By Donna M. Airoldi  | September 18, 2018 - 12:00PM

We’re 10 years on since the Wall Street giant Lehman Brothers collapsed which, along with the housing bubble bursting, sparked the 2008 financial crisis. How does the New York City real estate market look a decade later? Pretty good—at least if you purchased after the crash, according to a new StreetEasy report.

About 463,000 apartments and houses have been bought and then sold in the last 10 years in NYC, and 80 percent of those sellers recorded at least a 10 percent gain, earning a median cumulative return of $163,000, or 33 percent of their original purchase price. The report states that the typical gain on a median-priced property purchased before the downturn was $60,000.

Not surprisingly, those who bought after the market bottomed out saw better returns than those who bought at the peak. For those who purchased between September 2006 and September 2008 and sold after the market started its recovery, the median annual return was 1.7 percent. That compares to 7.5 percent per year for those who bought and sold after the collapse.

While those numbers are good for people who timed the market well, they’re less than the S&P 500 returns, which went from a low of $873 in February 2009 to $2,749 in February 2018, for a nine-year compound annual growth rate of 13.59 percent. 
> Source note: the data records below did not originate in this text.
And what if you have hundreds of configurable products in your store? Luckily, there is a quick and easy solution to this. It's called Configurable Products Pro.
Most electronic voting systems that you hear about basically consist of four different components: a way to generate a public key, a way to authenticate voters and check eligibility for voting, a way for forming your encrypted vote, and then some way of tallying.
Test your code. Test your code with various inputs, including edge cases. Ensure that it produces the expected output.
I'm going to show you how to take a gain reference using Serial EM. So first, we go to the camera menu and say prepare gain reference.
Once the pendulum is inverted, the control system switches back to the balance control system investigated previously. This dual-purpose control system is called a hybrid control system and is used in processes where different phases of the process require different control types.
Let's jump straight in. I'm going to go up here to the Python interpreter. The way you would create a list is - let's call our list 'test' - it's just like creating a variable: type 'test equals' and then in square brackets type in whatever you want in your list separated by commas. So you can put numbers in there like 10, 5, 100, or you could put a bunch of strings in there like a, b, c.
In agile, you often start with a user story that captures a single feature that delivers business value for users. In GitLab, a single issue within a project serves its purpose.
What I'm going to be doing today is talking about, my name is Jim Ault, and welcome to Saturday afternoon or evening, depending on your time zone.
Still, during this time, a steady demand for new housing drove prices up 28.5 percent from their crisis low at an average pace of 3.8 percent per year, according to the report. It also spurred new development. Combined, they have increased the total market value of NYC properties by $217 billion, according to the NYC Department of Finance.
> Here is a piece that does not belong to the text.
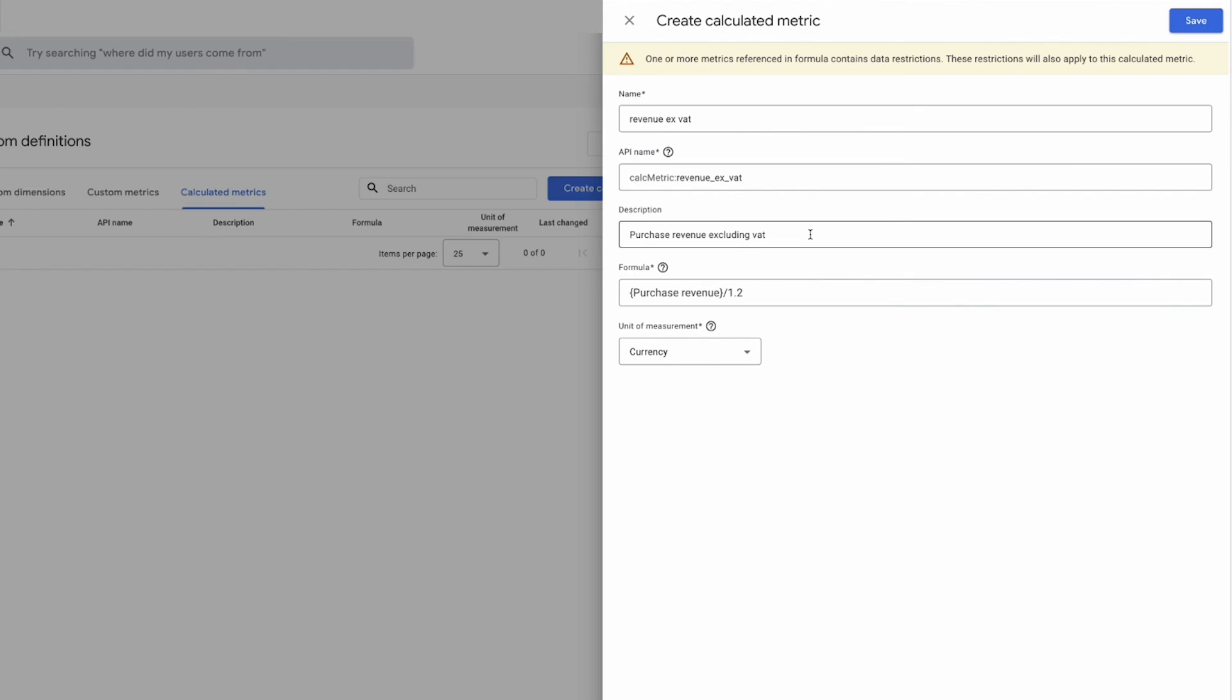One thing you might be thinking is that we're dividing or getting rid of VAT from the total purchase price, but what if shipping is included, and that's a good point. Unfortunately, you can't include shipping currently alongside purchase revenue at the same time when you're building this formula, and so you can't exclude it at some point in time, so that's just something to keep aware of for this specific scenario, but there are of course many other scenarios where the calculated metric feature can be incredibly useful to your GA4 account.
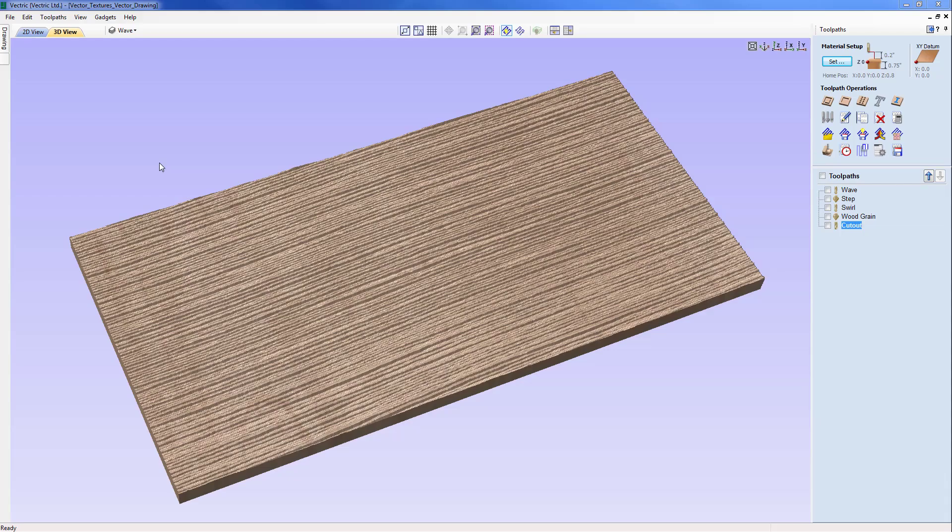In this tutorial we're going to show you how to combine cool vector textures and the profile toolpath to create a number of exciting texture panels.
But the market appears to be leveling off. Even though StreetEasy reported that the number of homes listed for sale during the second quarter of 2018 hit its highest level since the recovery—and sellers who purchased after the crisis listed their properties for 41 percent above their purchase price—prices in Manhattan and Brooklyn fell during the second quarter.

“Homeownership can make sense for those able to commit to the city over the long term, and for those able to reap the rewards of various tax benefits and the ability to borrow against the value of a home,” says Grant Long, StreetEasy’s senior economist. “But with the inventory of for-sale homes now growing, and with prices near record highs, it’s more important than ever for New Yorkers to carefully consider whether ownership is right for them, especially if a substantial return on investment is a major factor in their decision.”

As of late August, only 11 percent of the units purchased since the collapse and listed in the second quarter had sold. Those that did earned an average of 29 percent, or 5 percent per year. Half sold for below their initial asking price.

StreetEasy looked at transactions reported by the NYC Department of Finance via its NYC Price Index for the period from Sept. 15, 2008 (the day Lehman Brothers filed for bankruptcy) until September 2018.